Regardless of where you stand when it comes to politics, I think it’s safe to say we all agree that the code is overly complicated. Even with the recent tax reform, it can still be confusing. Think about it, even Albert Einstein, who helped develop thermo-atomic energy, said doing his income taxes was the hardest thing in the world to do. He also said doing taxes is too tough. And he was a pretty smart cookie. Here’s the deal-you don’t need to be a mathematician, you need to be a philosopher. That’s probably true considering the IRS’ unofficial motto: “We have what it takes to take what you have.”
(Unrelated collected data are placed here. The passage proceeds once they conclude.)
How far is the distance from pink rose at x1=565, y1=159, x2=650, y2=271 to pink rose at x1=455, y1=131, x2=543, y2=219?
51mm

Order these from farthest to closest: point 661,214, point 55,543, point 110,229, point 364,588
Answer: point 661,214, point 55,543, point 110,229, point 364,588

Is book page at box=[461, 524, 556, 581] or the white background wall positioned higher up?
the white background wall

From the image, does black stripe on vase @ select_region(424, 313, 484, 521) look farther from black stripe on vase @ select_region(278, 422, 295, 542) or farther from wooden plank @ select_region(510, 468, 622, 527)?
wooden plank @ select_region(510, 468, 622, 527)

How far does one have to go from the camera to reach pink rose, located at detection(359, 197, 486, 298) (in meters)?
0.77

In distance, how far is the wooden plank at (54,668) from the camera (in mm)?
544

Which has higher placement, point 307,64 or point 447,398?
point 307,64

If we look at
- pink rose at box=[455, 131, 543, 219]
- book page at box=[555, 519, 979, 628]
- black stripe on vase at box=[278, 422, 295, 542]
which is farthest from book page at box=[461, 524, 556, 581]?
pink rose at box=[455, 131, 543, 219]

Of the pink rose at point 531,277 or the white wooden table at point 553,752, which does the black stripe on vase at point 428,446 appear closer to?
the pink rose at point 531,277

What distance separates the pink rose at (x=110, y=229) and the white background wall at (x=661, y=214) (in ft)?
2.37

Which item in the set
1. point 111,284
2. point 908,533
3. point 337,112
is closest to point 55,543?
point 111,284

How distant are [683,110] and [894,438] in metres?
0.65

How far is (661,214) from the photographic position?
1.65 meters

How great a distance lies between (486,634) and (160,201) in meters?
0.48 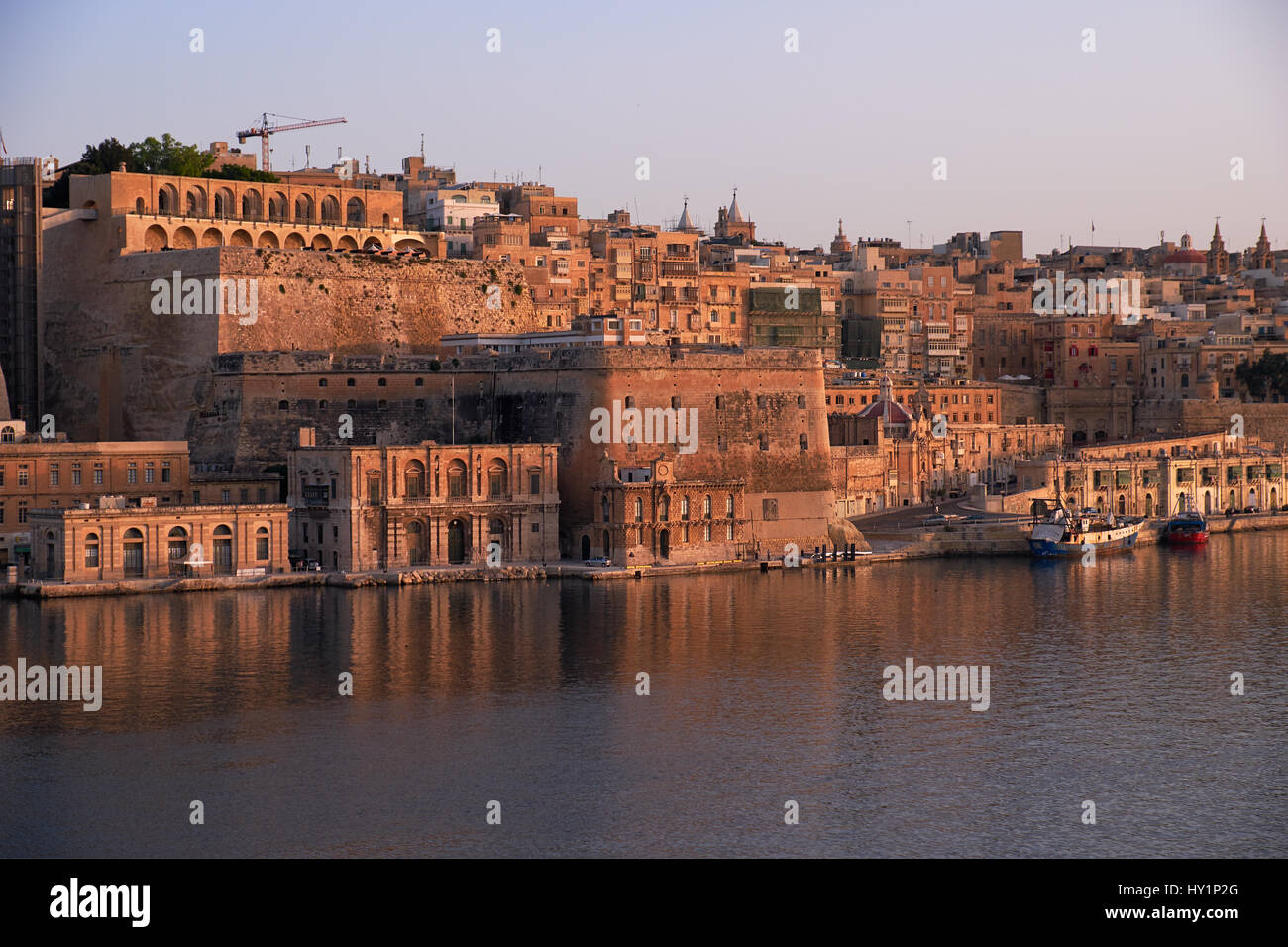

One troubling aspect of retirement planning is that the tax rate on your future distributions is unknown. Even if you can project your income with relative confidence, there’s no guarantee that tax rates will remain the same. And while it’s hard to find someone who doesn’t think they pay too much in taxes now, the reality is that the top tax rates today are pretty low in a historical context. When the income tax was first introduced in 1913, the top rate was only 7%, but within just a few years, the top rate had already skyrocketed to over 70%. After dropping back down to as low as 25% after World War I, the top rate jumped to 63% in 1932. From there, it wasn’t until more than 50 years had passed when, in 1987, the top tax rate finally dropped back below 50%, letting those in the top bracket keep more of their income than they were forced to give over to Uncle Sam. Now, of course, not everyone pays that top rate. In fact, it’s only a very small percentage of taxpayers that do. That said, with our national debt at all-time highs, a budget that hasn’t been balanced in years and fiscal troubles for many of our entitlement programs like Social Security and Medicare, it’s possible that rates could go up across the board.

That makes coming up with the right plan even more important.